RESPOSTA - Caningar é verbo transitivo direto, diz a regra, como você informa. E Caninga é substantivo. Sabe-se: “caningar é chatear, incomodar, perturbar”. A quem está à beira da morte?
 
OLHO - De Nino, o filósofo melancólico do Beco da Lama quando ouviu um companheiro de mesa reclamar das mulheres que passam e não deixam sequer um olhar: “Pior são as que ficam”.

EFEITO - Um empresário local ligado ao turismo, desses com os pés no chão, afirmava esses dias que a crise no setor será uma das maiores passados os efeitos do Coronavírus. Tende a se prolongar por mais tempos dos que nas outras áreas pela fragilidade da nossa estrutura e ausência de gestão. 
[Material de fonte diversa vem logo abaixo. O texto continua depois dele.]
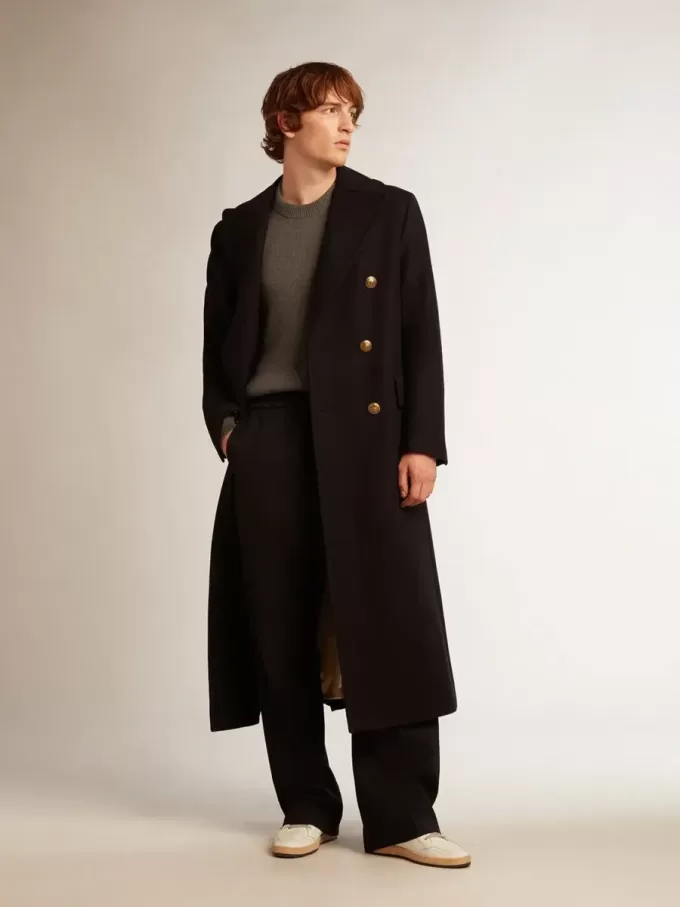 Pantalones de chándal para hombre de lana azul oscuro Pantalones de chándal para hombre de lana azul oscuro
BASES - Na sua opinião, contando com mais de vinte anos de experiência, o Ceará, a Paraíba e Pernambuco dispõem de estruturas de governo eficientes, a partir das quais a retomada será mais fácil para o verão que marca a estação alta. A menos que os efeitos do Covid-19 se prolonguem. 

CRISE - Na sua avaliação, a crise do turismo tende, hoje, a se aprofundar ainda mais fortemente no Estado, depois de quase dois anos praticamente perdidos. Chega a admitir que outros hotéis correm risco de colapso. E avisa: “Os que estão bem, sobreviverão. Mas, nem todos vão suportar”.